▶ [Brief]:
Nothing but the pictures may be dropped; the rest of the listing is to be written out exactly.

▶ [Supplied material]:
"""
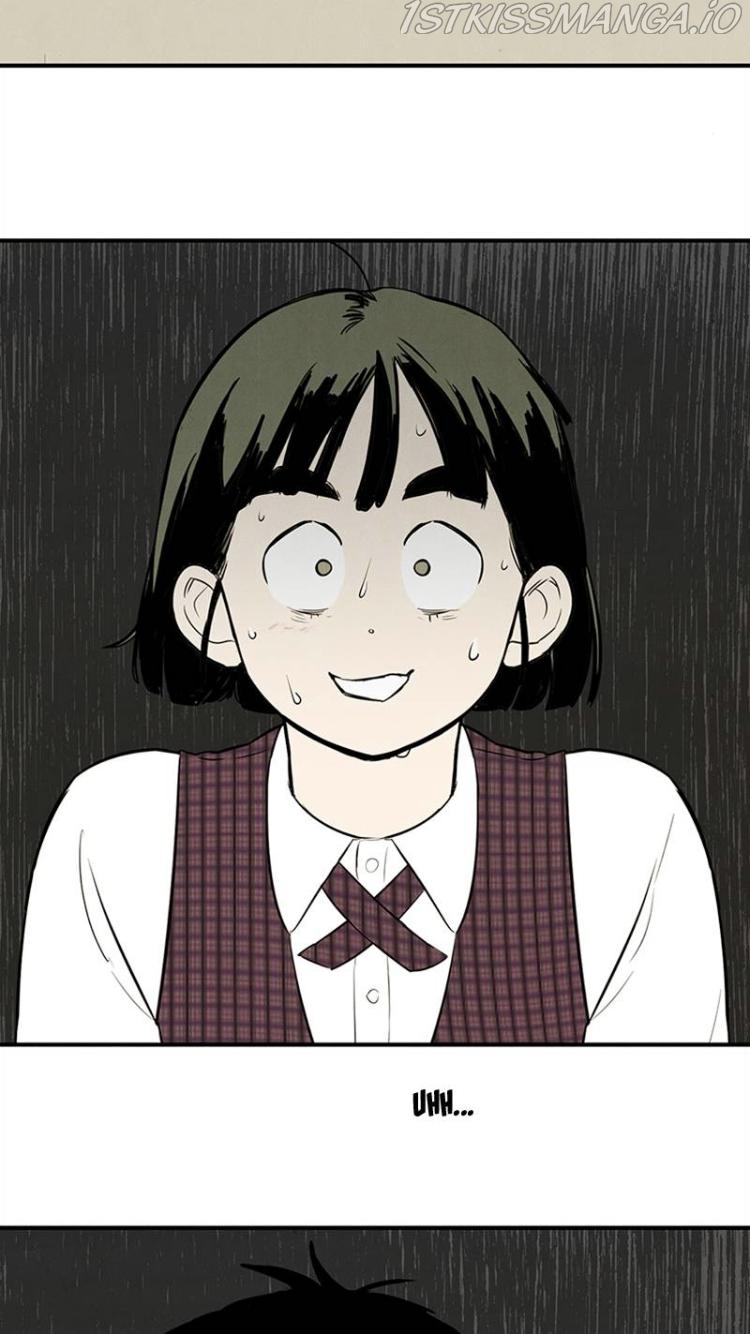 After School Lessons for Unripe Apples Chapter 60 - page 10
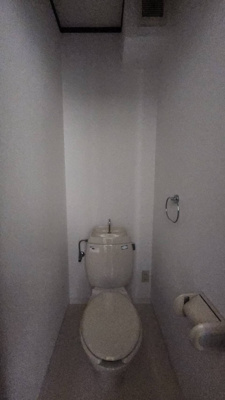 【トイレ】 | パセオ六甲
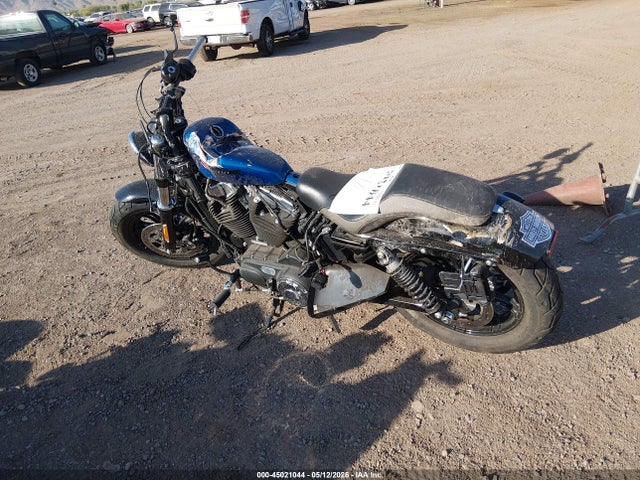 Harley-Davidson Xl1200 X 2022 1HD1LC310NB413614 Image 3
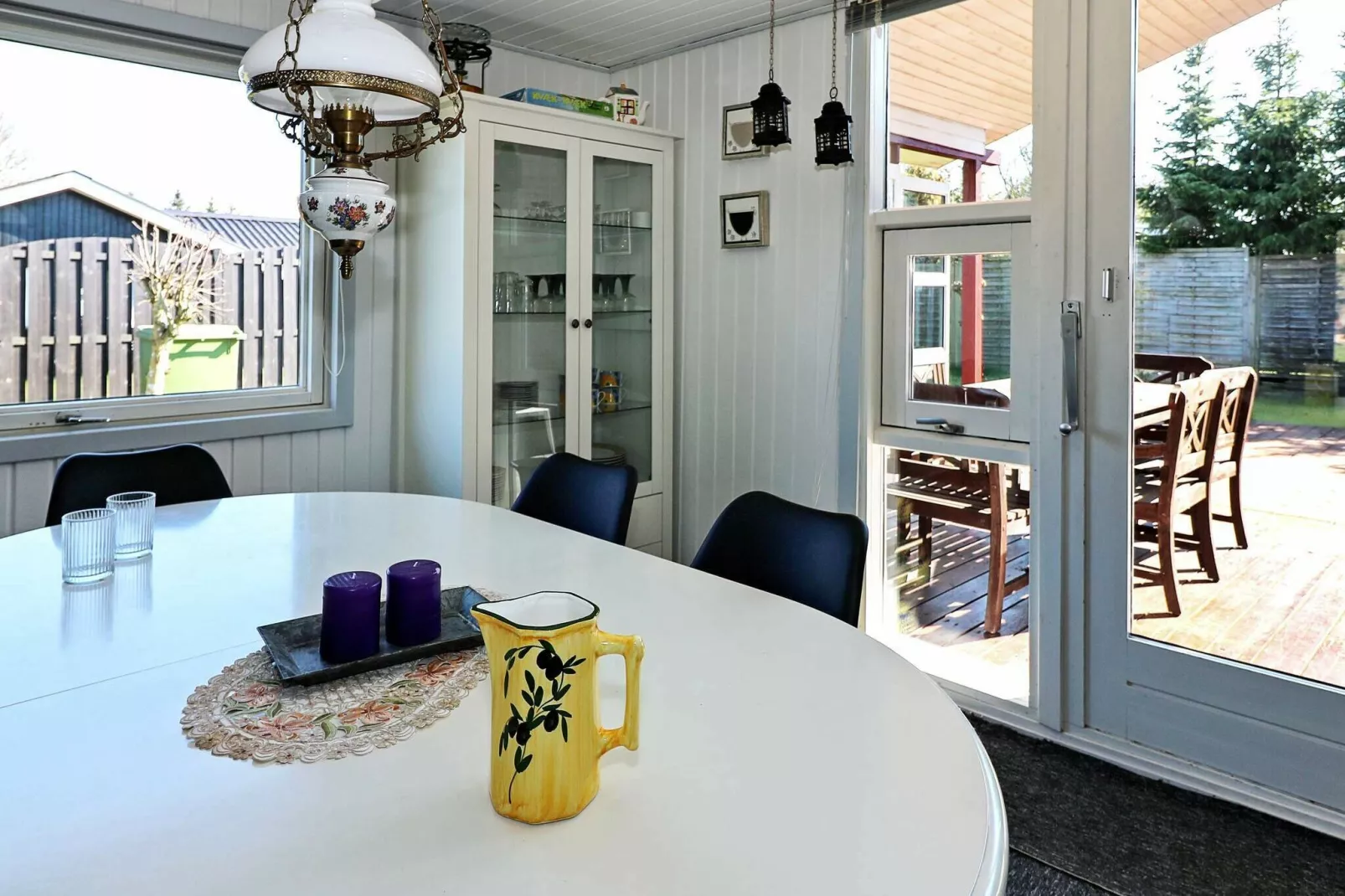 6 person holiday home in Hadsund-Indoor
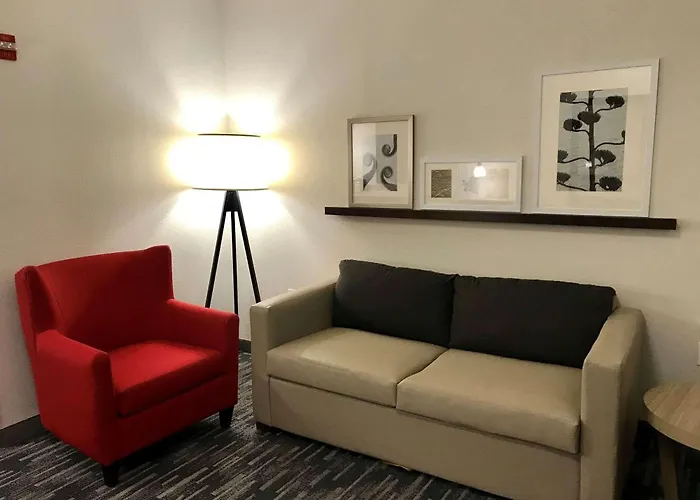 Country Inn & Suites By Radisson, Queensbury - Lake George , Ny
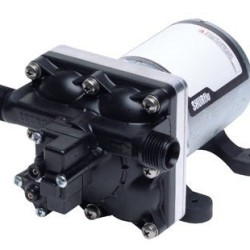 Shurflo Pump 12V 10LT Oem Bulk No Fittings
"""
▶ [Expected output]:
 After School Lessons for Unripe Apples Chapter 60 - page 10
 【トイレ】 | パセオ六甲
 Harley-Davidson Xl1200 X 2022 1HD1LC310NB413614 Image 3
 6 person holiday home in Hadsund-Indoor
 Country Inn & Suites By Radisson, Queensbury - Lake George , Ny
 Shurflo Pump 12V 10LT Oem Bulk No Fittings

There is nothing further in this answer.